Her face breaks out in a grin and she holds up her hand for me to high-five. “Congratulations, you’ve passed the test.”
I leave her hanging. “What test?”
She waves her hand, but I continue to ignore it. “I just wanted to make sure you’re really committed.”
“I should have you committed for almost giving me a heart attack.”
She is unperturbed. “That’s what good friends are for. Oh! Here’s our stop.”
She tugs the line to stop the streetcar and we follow a mob of tourists out onto St. Charles Avenue. It’s early January, days away from the start of Carnival, and there’s an excitement hanging in the air—or maybe that’s just the smell of king cakes baking throughout the city. Either way, I like it.
“Oh, look at the beads hanging in the trees!” one tourist shouts beside us. “How cute!”
Rose rolls her eyes and tugs me forward, anxious to break away from the crowd.
“That’s the last time I let you talk me into taking the streetcar.”

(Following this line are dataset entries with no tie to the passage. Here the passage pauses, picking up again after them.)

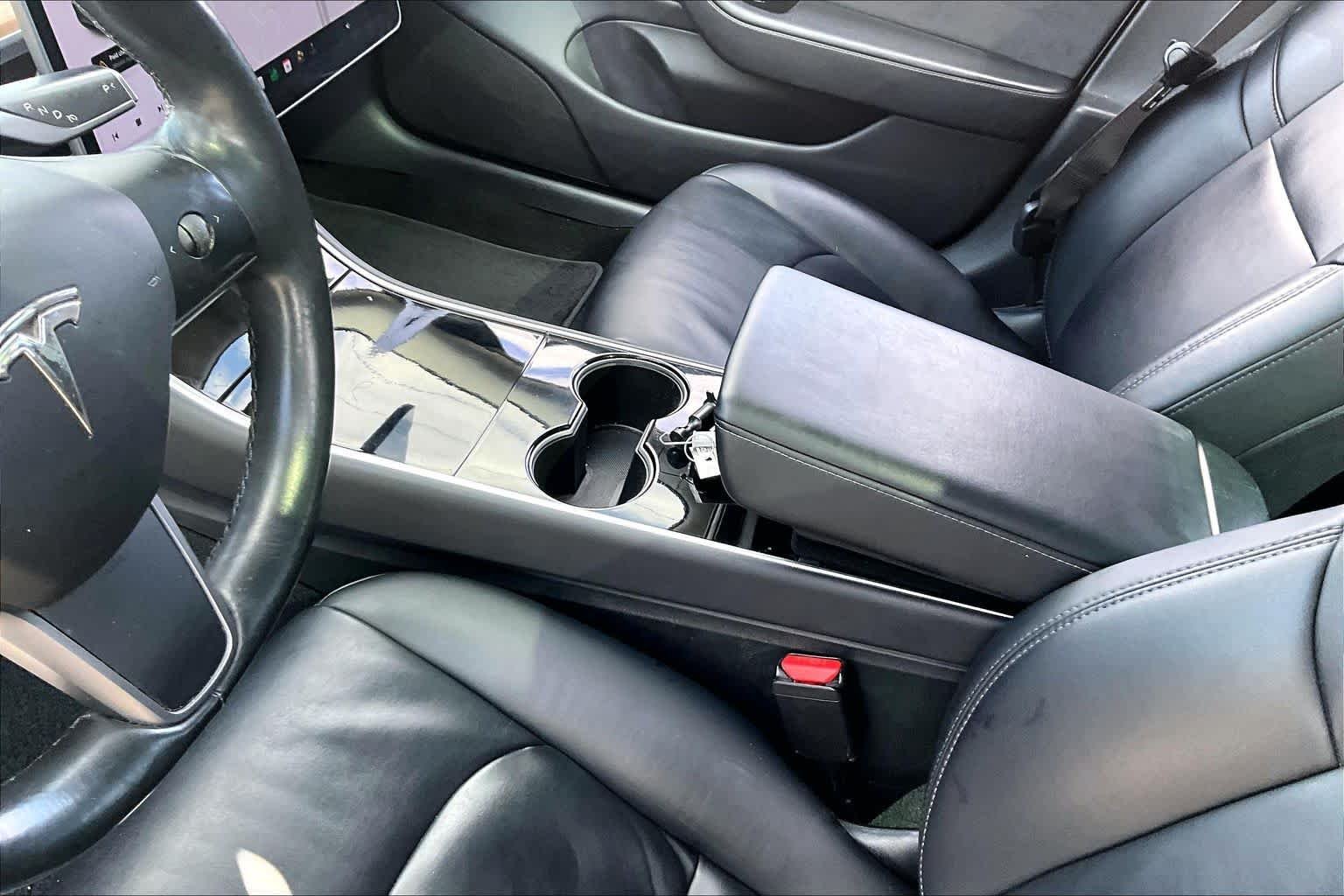 Used 2018 Midnight Silver Metallic Tesla Long Range Battery image 13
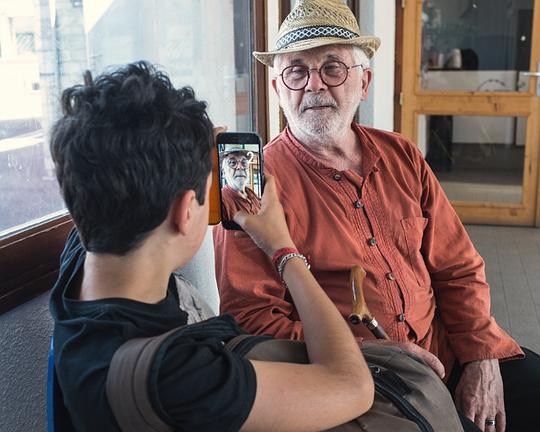 《Sur la tête des oiseaux》纪录片封面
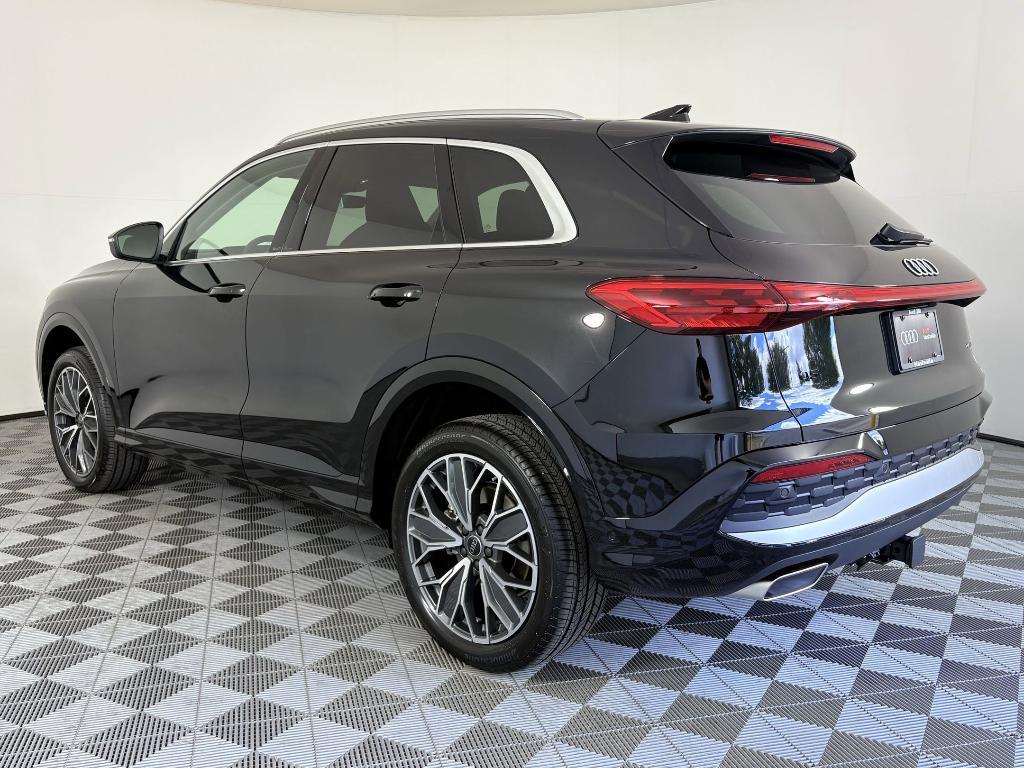 new 2025 Audi Q5 car, priced at $59,471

I pinch her side. “C’mon! It’s fun! You’ll sit for a psychic but you won’t tolerate a few tourists? Where is your southern hospitality?”
She strikes a dramatic pose and assumes the voice of a dainty southern belle. “Just because they’re in N’awlins doesn’t mean they can depend on the kindness of strangers.”
After another two blocks of near sprinting, we’re finally on our own, walking along the broken sidewalks and mansions I missed over the years I was away. I smile as we pass a house clinging to the past as much as possible. Out front there are black iron hitching posts with horse heads sculpted out of iron. A hundred years ago, they were used to tie up horses. Today, they’re status symbols.
I find it all charming and adorable. Rose finds the large, worn stepping stones and broken sidewalks “barely tolerable”. She’s only in town for a few weeks and then she’s headed back to Boston. After college, we’d commute back and forth to visit every few weeks, suffering through the dreary winters together. I think she’s still a little annoyed with me for moving back here, but I have zero regrets. It’s the dead of winter and I’m wearing a jean jacket and thin scarf. There’s no snow on the ground, no sludge to wade through on my way to and from the office, no email from my boss explaining that I’ll need to cancel my date and work late again. Life is glorious.